Não há mais do que um dogma em magia: o visível é a manifestação do invisível, ou, em outros termos, o verbo perfeito está nas coisas apreciáveis e visíveis, em proporção exata com as coisas inapreciáveis aos nossos sentidos e invisíveis aos nossos olhos.
O mago eleva uma das mãos para o céu e abaixa a outra para a terra, e diz: Lá em cima a imensidade! lá em baixo a imensidade ainda; a imensidade é igual à imensidade. Isto é verídico nas coisas visíveis, como nas coisas invisíveis.
Aleph Aleph, a primeira letra do alfabeto da língua sagrada, representa um homem que eleva uma das mãos ao céu, e abaixa a outra para a terra.
É a expressão do princípio ativo de todas as coisas, é a criação no céu, corresponde à onipotência do verbo aqui. Esta letra é, por si só, um pentáculo, isto é, um caractere que exprime a ciência universal.

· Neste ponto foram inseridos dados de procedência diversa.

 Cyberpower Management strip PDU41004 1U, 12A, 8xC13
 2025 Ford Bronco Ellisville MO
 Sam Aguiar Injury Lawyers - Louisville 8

A letra Alleph pode suprir aos signos sagrados do macrocosmo e do microcosmo, ela explica o duplo triângulo maçônico e a estrela brilhante de cinco pontas; porque o verbo é um e a revelação é uma. Deus, dando ao homem a razão, deu-lhe a palavra; e a revelação, múltipla nas suas formas, mas una no seu princípio, está inteira no verbo universal, intérprete da razão absoluta.
É o que quer dizer a palavra tão mal compreendida de catolicismo, que, na língua hierárquica moderna, significa infalibilidade.
O universal em razão é o absoluto, e o absoluto é o infalível.
Se a razão absoluta leva a sociedade inteira a crer irresistivelmente na palavra de uma criança, esta criança será infalível, da parte de Deus e da parte da humanidade inteira.
A fé não é outra coisa senão a confiança razoável nesta unidade do verbo.
Crer é concordar com o que não se sabe ainda, mas que a razão nos certifica antecipadamente de saber ou ao menos reconhecer um dia.
São, pois, absurdos os pretensos filósofos que dizem: "Não creio no que não sei".
Pobres homens! Se soubessem, haveria necessidade de crer? Mas posso eu crer ao acaso e sem razão?
— Não, certamente! A crença cega e ousada é a superstição e a loucura. É preciso crer nas coisas cuja existência a razão nos força a admitir conforme o testemunho dos efeitos conhecidos e apreciados pela ciência.
A ciência! Grande vocábulo e grande problema! Que é a ciência?...
Responderemos a esta pergunta no segundo capítulo deste livro.